The human body contains 10 bacterial cells for every human cell. That’s right. Our bodies have 10 times more bacteria than human cells. This vast, largely unexplored bacterial community, known as the microbiome, has been linked to many aspects of human health, from gastrointestinal diseases to obesity. Importantly, disrupting the microbiome with antibiotics can cause disease by wiping out the helpful bacteria in our guts. Fortunately, a promising therapy called Fecal Microbiota Transplantation may help patients suffering from microbiome-related conditions. 

Fecal Microbiota Transplantation (FMT) is a new treatment that has been shown to be over 90% effective for treating C. difficile infection in patients who had previously failed to recover with antibiotic therapy. During FMT, a fecal preparation from a carefully screened, healthy stool donor is transplanted into the colon of a sick patient. There are multiple routes of administration (e.g., via colonoscopy, naso-enteric tube, capsules), each of which has unique risks and benefits. 


How does FMT work?

Though the mechanism has yet to be determined, it is believed that FMT works by repopulating the patient’s microbiome with diverse microorganisms that competitively exclude C. difficile. In a healthy gut community, C. difficile is out-competed by many different bacterial species. However, receiving antibiotic treatment disrupts this ecosystem by killing helpful bacteria and allowing C. difficile to thrive, as it forms spores that are resistant to antibiotics. No longer outcompeted, this pathogen establishes itself in the gut and produces toxins that leave patients suffering from severe diarrhea, abdominal pain, and fever. Researchers are also exploring FMT's potential role for treating other gastrointestinal diseases, such as IBS and Crohn's Disease. 

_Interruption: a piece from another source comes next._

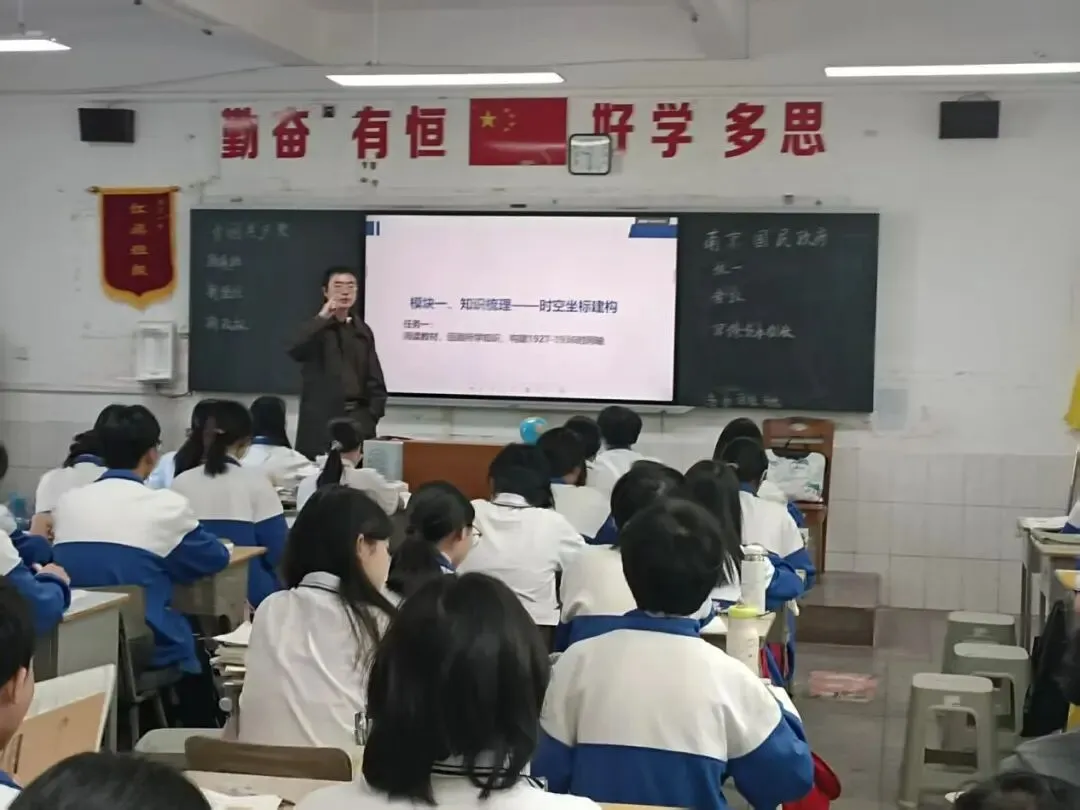 精准把脉一轮复习 聚力赋能高考备考——县教育局莅临攸县一中开展2027届高三一轮教学调研-第2张图片-四季读书网 精准把脉一轮复习 聚力赋能高考备考——县教育局莅临攸县一中开展2027届高三一轮教学调研-第2张图片-四季读书网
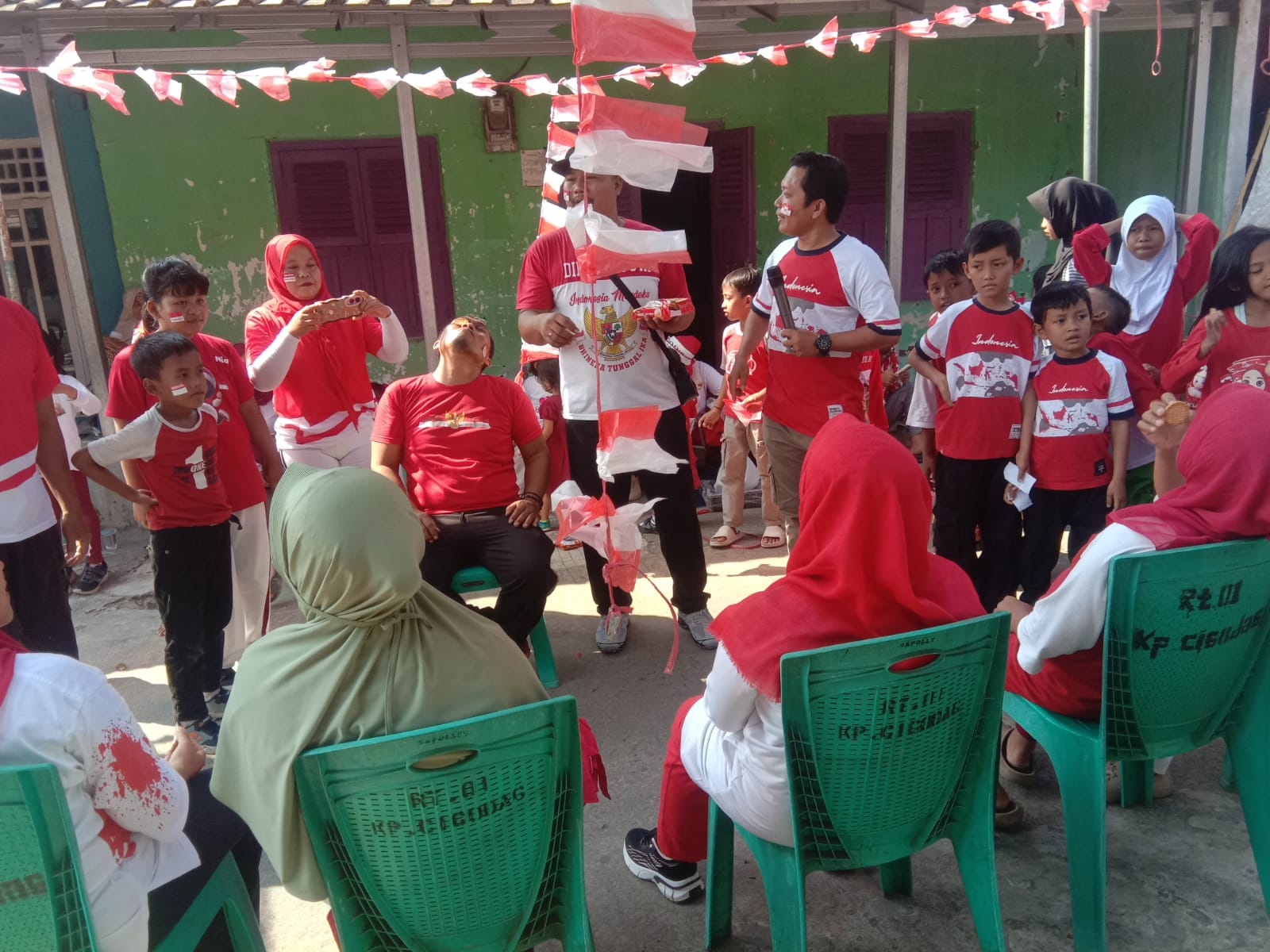 Warga Cidodag ,Desa Harjatani Meriahkan HUT RI Yang Ke – 80 Tahun Dengan Adakan Perlomabaan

Although FMT is a powerful tool for treating C. difficile infection, there are also important risks. Stool is a complex living mixture of bacteria and other organisms. While stool donors can be carefully screened for known infectious agents, there is always a risk that the tests might fail to detect a pathogen. There are also procedural risks associated with receiving an FMT by colonoscopy or other methods of administration.